Titone was quick to chime in with updated numbers (as she explained at last week’s hearing, the grant program would now cost $50,000) and to highlight the fact that two Republicans agreed that schools should be providing period products in bathrooms, despite voting against her bill.

The bill advanced out of the House Education Committee to the House Appropriations Committee on a party-line vote Thursday, but Republican members of the committee were vocal in their support of a measure to ensure access to period products in schools — just not this one.

Rather than implementing a grant program, state Reps. Colin Larson (R-Littleton) and Mark Baisley (R-Roxborough Park) suggested a different approach — a mandate.

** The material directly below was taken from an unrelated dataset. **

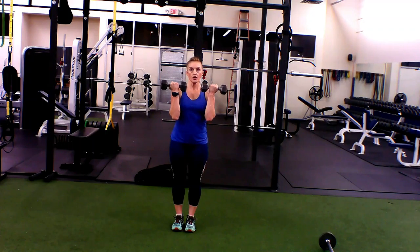In the Arnold press with the rotation, you're going to start in a strong seated position, lock in the core, bring the dumbbells right in front of the shoulder, palms facing the face.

When Titone pointed this out, the Jefferson County Republican Party accused her of lying.

“Apparently Rep. Titone didn’t like us posting about her feminine hygiene products bill, HB 1131, which carries a fiscal note of more than a half million dollars,” they wrote on Facebook. “Even worse, Titone deceived readers by saying Reps Larson and Baisley supported her bill. WRONG! The record shows they voted against the bill. Shame on you, Rep. Titone for lying to the people.”

After Titone replied with a link to the Colorado Times Recorder‘s coverage of the hearing, the JeffCo GOP said they “spoke with Rep. Larson” and that he “denied” Titone’s “claims.”

“When the JeffCo GOP called me to ask I was like look, I voted against the bill, I’m opposed to the bill,” Larson said in an interview with the Colorado Times Recorder. “That’s what they asked me and I was like, yeah, I was opposed.”

Larson did, however, reiterate his support for an unfunded mandate.

“If there is a bill that says that school districts, not with state money, not with state grants, must provide feminine hygiene products in their bathrooms, I am absolutely in support of that concept,” Larson said.

He added that it should be up to school districts to decide how to implement that, whether it be with coin machines, free dispensers, or baskets of products in restrooms.

“Giving them that flexibility to determine what works for them is important,” Larson said. “It’s not going to be one size fits all.”

Asked if they’d walk back their comment that Titone was lying, the Jefferson County GOP issued this statement:

“No, we won’t be changing our position on Rep. Titone lying about her comment on our post about her bill. She wrote it implying Reps Larson and Baisley supported her bill and that was false.”

“They also say that people should be nice, but they haven’t been with me,” Titone said in reference to numerous hateful comments on the JeffCo GOP’s page that attack her based on her gender identity.

Titone is Colorado’s first openly transgender lawmaker.

“They continually allow people to say transphobic and hateful things about me and don’t reprimand or filter responses,” Titone said.

In a post from last week, the JeffCo GOP urged their followers to “focus on the issues and not personal or disparaging comments about the individuals in the post or another commenter.”

“They don’t follow the guidelines they set for themselves,” Titone added. “Why would they when it creates a mob mentality against me? It embroils their supporters to encourage hateful attitudes.” 

“Although we disagree that people are commenting about personal issues, we cannot censor their comments,” the JeffCo GOP told CTR.

Asked whether the comments should be removed, Larson said he didn’t want to “get into what the JeffCo GOP should or shouldn’t be doing,” but said, “I personally deplore those comments and frankly I don’t condone it.”

“When those kinds of comments crop up on my campaign page, I delete them and tell people that we don’t condone obscenity,” Larson added.